Federal securities regulators have sanctioned the Colorado Department of Transportation for failing to provide five years’ worth of state financial reports to investors in one of its largest-ever bond issues.
The sanction issued last week by the U.S. Securities and Exchange Commission says the state did not file annual reports from 2006 through 2010 to buyers of $534 million in state transportation bonds issued in 2002 and 2004, which in part funded the giant T-Rex road project along Interstate 25.
The department in 2011 said in an effort to refinance about $105 million from those original bonds that it had complied with all the reporting requirements, which included the filing of the annual reports. Those refinanced bonds mature in 2017.
Colorado self-reported the misstatements to the SEC in November 2014 after Treasurer Walker Stapleton’s office uncovered them during a massive review of statewide financial obligations tied to a new debt-management process.
The SEC gave Colorado six months to establish a policy to ensure the problems do not recur, and to bring all reporting obligations up to date. Additionally, the state must divulge the settlement in any future bond issues for the next five years, according to the order. The sanction should not have any material impact on the state’s ability to seek additional bond issues.

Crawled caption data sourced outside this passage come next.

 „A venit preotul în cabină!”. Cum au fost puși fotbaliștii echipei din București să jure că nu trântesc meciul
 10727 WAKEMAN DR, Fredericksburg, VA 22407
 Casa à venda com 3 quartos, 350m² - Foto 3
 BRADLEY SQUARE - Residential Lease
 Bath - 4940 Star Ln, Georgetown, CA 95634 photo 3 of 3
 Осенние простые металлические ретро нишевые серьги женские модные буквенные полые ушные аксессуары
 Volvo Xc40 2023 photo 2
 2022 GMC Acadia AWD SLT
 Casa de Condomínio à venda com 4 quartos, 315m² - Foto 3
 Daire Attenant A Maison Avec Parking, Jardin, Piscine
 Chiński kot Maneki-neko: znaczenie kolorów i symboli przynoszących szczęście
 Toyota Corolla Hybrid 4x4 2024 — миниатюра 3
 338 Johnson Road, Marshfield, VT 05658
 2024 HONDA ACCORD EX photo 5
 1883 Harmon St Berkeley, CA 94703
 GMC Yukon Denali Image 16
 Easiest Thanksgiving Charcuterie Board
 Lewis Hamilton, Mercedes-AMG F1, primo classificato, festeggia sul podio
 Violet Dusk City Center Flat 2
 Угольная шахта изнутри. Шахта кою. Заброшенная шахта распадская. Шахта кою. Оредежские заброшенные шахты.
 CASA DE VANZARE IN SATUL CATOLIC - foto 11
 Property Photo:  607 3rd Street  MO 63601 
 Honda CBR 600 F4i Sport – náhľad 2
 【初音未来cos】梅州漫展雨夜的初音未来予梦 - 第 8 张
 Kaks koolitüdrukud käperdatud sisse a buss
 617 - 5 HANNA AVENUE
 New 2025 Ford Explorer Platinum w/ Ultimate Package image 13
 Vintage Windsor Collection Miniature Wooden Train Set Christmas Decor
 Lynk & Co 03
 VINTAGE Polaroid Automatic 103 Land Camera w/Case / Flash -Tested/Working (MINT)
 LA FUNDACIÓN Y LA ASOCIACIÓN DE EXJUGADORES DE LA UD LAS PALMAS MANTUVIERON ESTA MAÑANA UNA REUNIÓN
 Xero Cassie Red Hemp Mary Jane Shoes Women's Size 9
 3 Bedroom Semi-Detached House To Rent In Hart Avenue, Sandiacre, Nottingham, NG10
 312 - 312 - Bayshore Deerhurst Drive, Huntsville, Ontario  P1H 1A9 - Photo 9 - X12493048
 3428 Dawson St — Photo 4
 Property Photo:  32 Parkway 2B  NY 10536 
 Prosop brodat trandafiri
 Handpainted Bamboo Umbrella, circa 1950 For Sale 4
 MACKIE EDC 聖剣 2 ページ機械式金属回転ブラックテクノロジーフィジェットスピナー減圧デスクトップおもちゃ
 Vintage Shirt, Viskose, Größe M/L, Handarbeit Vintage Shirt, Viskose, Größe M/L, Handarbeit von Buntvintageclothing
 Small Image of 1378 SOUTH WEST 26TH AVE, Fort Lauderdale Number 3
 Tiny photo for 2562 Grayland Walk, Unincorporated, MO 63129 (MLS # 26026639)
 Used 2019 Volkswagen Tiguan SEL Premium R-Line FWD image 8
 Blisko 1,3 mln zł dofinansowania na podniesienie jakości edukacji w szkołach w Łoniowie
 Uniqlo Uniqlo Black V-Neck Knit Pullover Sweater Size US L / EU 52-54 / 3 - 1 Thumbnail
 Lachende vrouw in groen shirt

State officials said the problem was merely an oversight of responsibility for ensuring the reports were filed with the SEC each year. And though the SEC did not catch the problem, nor did any bond investor complain of it, the agency said a sanction was in order.
All state financial obligations issued by any agency are now overseen by Stapleton’s office, to ensure requirements are met and the state’s credit rating is unimpacted by these types of problems, spokesman Michael Fortney said.